Nick Cohen Nick Cohen

When is a scandal not a scandal?

When it involves metropolitan left-wingers, says the Daily Mail. For a week, it has been exposing how Harriet Harman and Patricia Hewitt – or “Hat and Pat” as the London left of the early 1980s knew them – committed the National Council for Civil Liberties to the cause of helping the Paedophile Information Exchange.

The Mail showed that while at the NCCL (now Liberty)
* Hewitt described PIE in glowing terms as ‘a campaigning/counselling group for adults attracted to children’;
* The NCCL lobbied Parliament for the age of sexual consent to be cut to ten – if the child consented and ‘understood the nature of the act’.
* It called for incest to be legalised in what one MP dubbed a ‘Lolita’s charter’;
* The NCCL claimed research shows young paedophile victims are often ‘consenting or even the initiators of the sexual acts involved’;
* It filed a submission to Parliament claiming that ‘childhood sexual experiences, willingly engaged in, with an adult, result in no identifiable damage’.
* Miss Harman, as NCCL legal officer, tried to water down child pornography laws.
* NCCL lawyers acted for a PIE member who was quizzed by police over appalling behaviour.

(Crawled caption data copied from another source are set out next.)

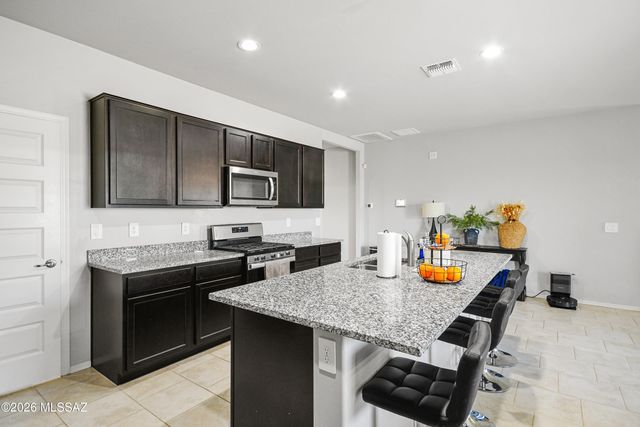 6853 S Portugal Avenue, Tucson, AZ 85757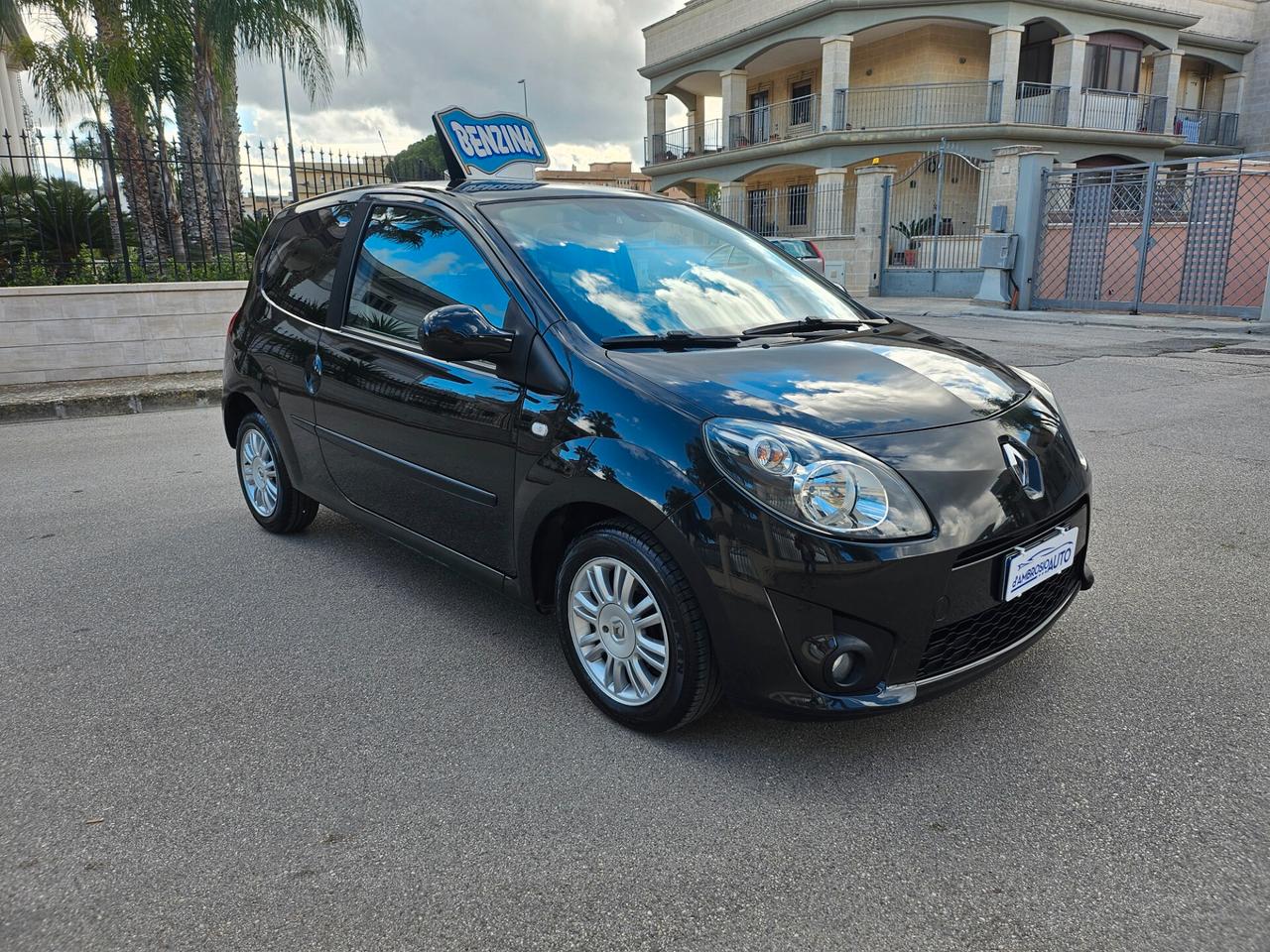 Renault Twingo 1.2 8V Dynamique (43 kw) 58cv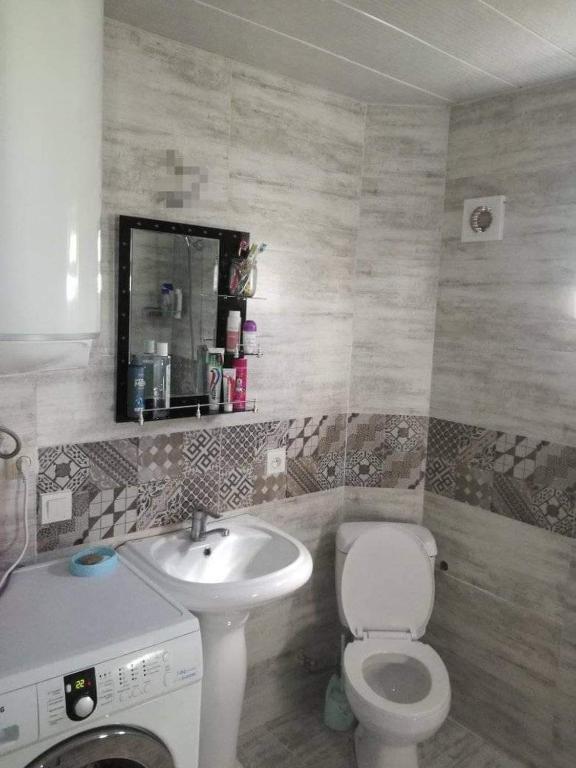 Местиа: Lia's Guest house Tsvirmi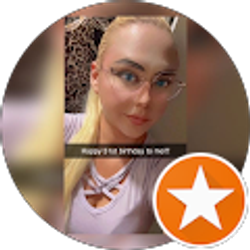 Profile photo of Lorena Albarado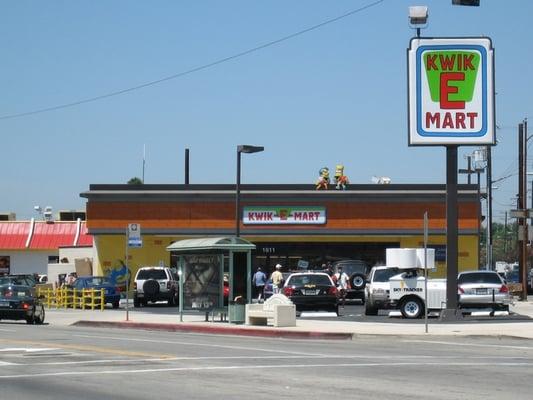 7-Eleven aka Kwik-E-Mart!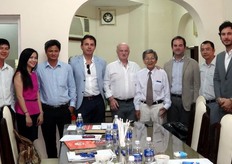 Incontro con l'associazione degli esportatori Vietnamiti presso VINAFRUIT. All'incontro hanno partecipato anche 4 importanti esportatori che sono interessati a migliorare la qualita' delle proprie produzioni investendo in nuove soluzioni.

And so it carried on until 1983, when the NCCL purged its paedophiles. I will assume you can work out what was wrong with all of this yourselves. What is worth exploring is how the Mail’s editor is experiencing a sensation shared by many a frustrated journalist. You deliver a sensational exclusive. It gets by the lawyers and the subs and into the paper. You sit back and expect all your rivals to follow it up and… nothing happens.

“Where’s the pack?” you mutter to yourself. “Where’s the bloody pack?”

Or in the case of the Mail, you mutter, “Where’s the bloody BBC?” Quentin Letts wrote a satire about the corporation, Baldrick from Blackadder, Stephen Fry, Uncle John Prescott and all going wild at an imaginary Guardian report that senior Tories had campaigned for men to have the right to abuse children in the 1980s. It was clunky but had enough truth in it to bite. When Jacob Rees Mogg attended a dinner for a far right group whose supporters wanted Doreen Lawrence to be asked to leave to Britain (along with all other immigrants and descendants of immigrants), Newsnight covered the story. When Labour MPs go to meeting of far right Islamists, the BBC and everyone else stays silent.

Bias? Of course. But there is a good reason why a story from the London left of 30 years ago is not taking off. If you reveal that the Tory MP who wants drastic curbs on immigrants today was a member of the Monday Club in the 1980s, or the Labour MP who mourns the death of Chavez and indulges al Qaeda was once a Marxist-Leninist, you are showing continuities. Nothing about them has changed, you are saying: they have merely covered their old extremism in modern dress. There is no continuity of between the positions Harriet Harman and Patricia Hewitt adopted in the 1980s and their thought today. In office, Harman led a group of Labour women politicians who worked to make the law friendlier towards rape victims. Hewitt, Harman and Harman’s husband Jack Dromey (who was at the NCCL at the time) have not campaigned to reduce the age of consent to 14 or 12, or to abolish it. On the contrary, Harman has loudly demanded that if children complain that they have been sexually abused “you must start off believing them and not actually disbelieving them”.

In the Harman affair, no one can see a connection between the past and the present; nothing prominent Labour figures did or said about child abuse at the old National Council for Civil Liberties influenced what Labour did or said in power, or what Labour thinks today.

The Mail acknowledges defeat this morning. It carries a piece criticising Harriet Harman for demanding a judge-led inquiry into the multiple abuses of Jimmy Savile. “Miss Harman even lectured Parliament that, whatever injustices had occurred in the past, they should be dealt with now to protect others in the future,” its reporters huff.

The paper is condemning a politician for not holding to the disgraceful position she held 30-years ago. As a teacher might say, it has been a good effort by the Mail, but it must try harder. Damning people for changing for the better is never going work.